Parmi les dialogues saisis au vol par le réseau X, on trouvera cet échange sympathique, entre un agriculteur et le président du premier parti de France : « Quand tu partiras d’ici, tu auras perdu cinq ou six centimètres », commence le bonhomme, qui précise immédiatement que c’est parce que Bardella portera sur les épaules la confiance de tous les habitants de la région. Face à lui, le président du RN ne dit rien. Il hoche la tête. Il n’entre pas dans le débat. Lisse, sans prise, sans aspérité. Impeccable. Un peu mécanique, aussi. L’agriculteur a raison de dire ce qu’il dit : le peuple, le vrai, est au bout du rouleau et, bien souvent, n’a plus d’espoir qu’en Marine Le Pen, la seule qui semble les comprendre, la seule qui semble loin des jeux de pouvoir et du parisianisme, et en Jordan Bardella, si jeune, si parfait. C’est le gendre idéal. C’est l’associé parfait. C’est celui que le patron imagine à sa place dans dix ans.

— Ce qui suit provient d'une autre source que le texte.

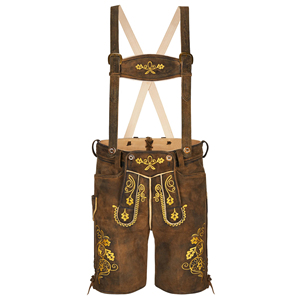 <b>Men</b> Bavarian Lederhosen <b>Shorts</b> Traditional German Leather Oktoberfest <b>Shorts</b> with Suspenders - Product Image 3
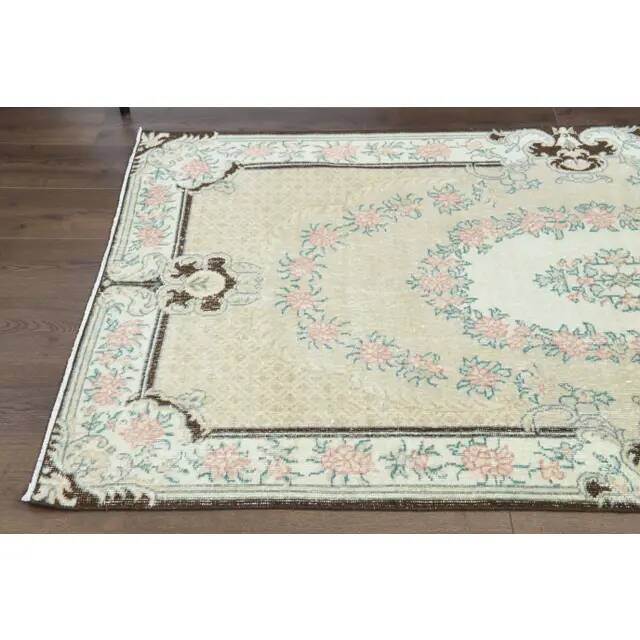 Vintage Turkish Oushak Handmade Wool Cotton Beige Area Rug 117x219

Pourtant, il y a un petit problème, dans ce plan de com' parfait : ce gendre idéal n’a pas fondé de famille. Cet associé de rêve n’a jamais monté de business. Cet employé modèle n’a jamais travaillé dans une entreprise ni dans un service public. C’est un angle d’attaque qu’a très intelligemment exploité Léa Salamé, dans Quelle époque !, dont Jordan Bardella était l’invité ce samedi. La présentatrice, pour une fois assez peu malhonnête intellectuellement, a poussé la comparaison entre Bardella et Trump, une comparaison qui vient naturellement à l’esprit de la gauche, encore en stress post-traumatique ces jours-ci, après la défaite de Kamala Harris. Trump, a-t-elle dit, a gagné et perdu, monté des entreprises, fondé une famille ; bref, il a un vécu. Or, à 29 ans, Jordan Bardella n’a jamais travaillé. Il s’est engagé en politique pendant son adolescence et n’a fait que cela, depuis. La vie de Trump est un roman, qu’il porte sur son visage. La vie et le visage de Jordan Bardella semblent avoir été générés par une intelligence artificielle. Alors, se sent-il légitime ?

La question n’est pas celle de ses diplômes, un totem bien français mais qui ne cesse de prouver son absurdité : Bruno Le Maire, normalien, énarque, agrégé, diplomate, a endetté la France comme jamais. Non, la question est : qui est vraiment cet homme à qui la France (la vraie) fait confiance avec l’énergie du désespoir ? Toute pensée est faite pour être vécue, pour s’incarner. Péguy disait, dans une formule désormais archi-connue, que l’idéaliste « a les mains propres, mais n’a pas de mains ». Jordan Bardella est l’ami des travailleurs mais n’a jamais travaillé. Cet homme qui a les épaules solides a-t-il seulement des épaules ? Et ce n'est pas lui faire offense que de poser cette question. Au contraire. Son livre nous donne peut-être une partie de la réponse.